Workshop
Regression Modeling with Many Correlated Predictors
Jay Magidson, Statistical Innovations
Tony Babinec, AB Analytics
Friday, April 8, 2011
8:30 AM-4:30 PM
Rush University Medical Center
1653 W. Congress Parkway, Chicago, IL 60612
Sponsored by the Chicago Chapter of the American Statistical Assocation
Abstract:
Recent advances in analysis of high dimensional data now allow reliable regression models to be developed even when the number of predictors exceeds the number of cases! In this course we begin by reviewing problems and limitations with traditional linear and logistic regression.
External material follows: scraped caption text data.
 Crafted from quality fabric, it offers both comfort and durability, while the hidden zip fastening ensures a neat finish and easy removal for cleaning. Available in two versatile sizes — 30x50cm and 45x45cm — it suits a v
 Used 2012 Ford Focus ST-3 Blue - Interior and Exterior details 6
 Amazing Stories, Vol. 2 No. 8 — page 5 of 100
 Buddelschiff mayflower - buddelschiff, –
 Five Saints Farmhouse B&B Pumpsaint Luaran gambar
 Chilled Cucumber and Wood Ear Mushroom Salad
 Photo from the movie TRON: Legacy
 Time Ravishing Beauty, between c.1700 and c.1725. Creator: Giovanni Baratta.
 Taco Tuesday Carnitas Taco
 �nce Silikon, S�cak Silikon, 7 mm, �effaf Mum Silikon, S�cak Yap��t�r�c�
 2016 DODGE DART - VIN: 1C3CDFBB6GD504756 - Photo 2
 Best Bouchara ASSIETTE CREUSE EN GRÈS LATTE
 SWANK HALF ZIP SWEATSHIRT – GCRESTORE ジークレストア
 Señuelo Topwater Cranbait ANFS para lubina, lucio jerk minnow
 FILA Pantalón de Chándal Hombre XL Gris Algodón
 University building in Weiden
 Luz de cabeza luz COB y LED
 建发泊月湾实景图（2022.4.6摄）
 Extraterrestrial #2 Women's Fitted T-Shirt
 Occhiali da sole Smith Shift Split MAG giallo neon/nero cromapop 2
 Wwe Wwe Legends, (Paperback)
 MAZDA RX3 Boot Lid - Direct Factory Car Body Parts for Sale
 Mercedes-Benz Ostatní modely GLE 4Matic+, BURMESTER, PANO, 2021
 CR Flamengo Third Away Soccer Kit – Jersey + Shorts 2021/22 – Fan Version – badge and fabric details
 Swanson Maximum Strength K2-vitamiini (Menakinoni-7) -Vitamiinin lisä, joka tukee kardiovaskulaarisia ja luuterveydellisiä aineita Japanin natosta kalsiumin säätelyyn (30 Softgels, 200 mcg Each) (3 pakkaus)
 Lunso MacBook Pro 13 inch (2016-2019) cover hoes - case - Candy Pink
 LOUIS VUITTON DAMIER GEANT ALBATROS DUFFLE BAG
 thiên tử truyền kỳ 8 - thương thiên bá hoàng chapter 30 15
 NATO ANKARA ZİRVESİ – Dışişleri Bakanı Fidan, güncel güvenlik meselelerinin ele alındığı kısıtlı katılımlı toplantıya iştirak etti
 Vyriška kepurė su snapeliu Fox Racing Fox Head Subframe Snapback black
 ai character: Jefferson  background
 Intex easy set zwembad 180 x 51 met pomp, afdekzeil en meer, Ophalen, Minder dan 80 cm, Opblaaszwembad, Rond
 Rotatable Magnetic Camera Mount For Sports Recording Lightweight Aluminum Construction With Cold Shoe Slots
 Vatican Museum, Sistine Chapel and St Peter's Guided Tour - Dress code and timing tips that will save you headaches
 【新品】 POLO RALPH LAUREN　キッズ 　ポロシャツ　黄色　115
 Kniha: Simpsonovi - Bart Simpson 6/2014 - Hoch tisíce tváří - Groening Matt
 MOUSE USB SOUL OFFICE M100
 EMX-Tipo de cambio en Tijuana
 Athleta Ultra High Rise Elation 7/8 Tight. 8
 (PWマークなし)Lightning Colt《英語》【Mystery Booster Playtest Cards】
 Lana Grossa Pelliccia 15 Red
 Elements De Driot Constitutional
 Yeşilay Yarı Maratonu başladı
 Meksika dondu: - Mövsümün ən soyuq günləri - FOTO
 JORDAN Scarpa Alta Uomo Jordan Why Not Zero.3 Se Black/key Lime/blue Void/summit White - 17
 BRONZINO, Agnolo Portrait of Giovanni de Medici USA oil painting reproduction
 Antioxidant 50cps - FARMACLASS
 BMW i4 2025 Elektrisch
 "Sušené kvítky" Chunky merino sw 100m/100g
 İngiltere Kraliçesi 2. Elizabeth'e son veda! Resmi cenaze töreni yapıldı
Our applications-oriented presentation provides insight into how the new approaches work through examples and by providing an overview of the relevant theory, supplemented by the supporting equations. We use real and simulated data sets to illustrate the different approaches.
COURSE OUTLINE
Linear Regression Model
Bias-Variance Tradeoff
Logistic Regression and Discriminant Analysis
(BREAK)
Classification Tables and ROC Curves
Suppressor Variables
(LUNCH)
Penalized Regression Approaches
- Ridge Regression
- Lasso
- Elastic Net
Component Approaches
- Principal Components Regression
- Partial Least Squares Regression
- Correlated Components Regression – NEW Approach
(BREAK)
Ultra-high Dimensional Data
- Variable Reduction
- Extensions
Who Should Attend
Marketing, biomedical and other researchers who want to improve their understanding of regression model development in the presence of many correlated predictors.
Prerequisites
Familiarity with linear and logistic regression analysis at an applied level.
What you will learn
- How to develop reliable models, even in the presence of extreme multicolinearity and when # predictors >> number of sample observations
- Why many popular variable selection techniques are suboptimal
- About a new powerful step-down variable reduction technique in CORExpressTM
- About free and commercially available software for handing high dimensional data
We will be discussing software in general, and how stepwise regression does not work at all well either in general or in the presence of multicolinearity or when the number of variables exceeds the number of cases. More specifically, Statistical Innovations is developing software currently named CORExpress. This software implements a version of Naïve Bayes regression as well as a new approach called correlated components regression along with various other approaches. We will present the results of simulation studies that include approaches implemented as R contributed packages, including especially GLMNET which implements the penalized approaches such as LASSO and Elastic Net. These latter are associated with Hastie, Tibshirani, and Friedman and their protégés. Workshop attendees will receive a demo version of CORExpress.
Registration Fees
Member $200
Student $50
The Chicago Chapter accepts payment by Visa, Mastercard and American Express.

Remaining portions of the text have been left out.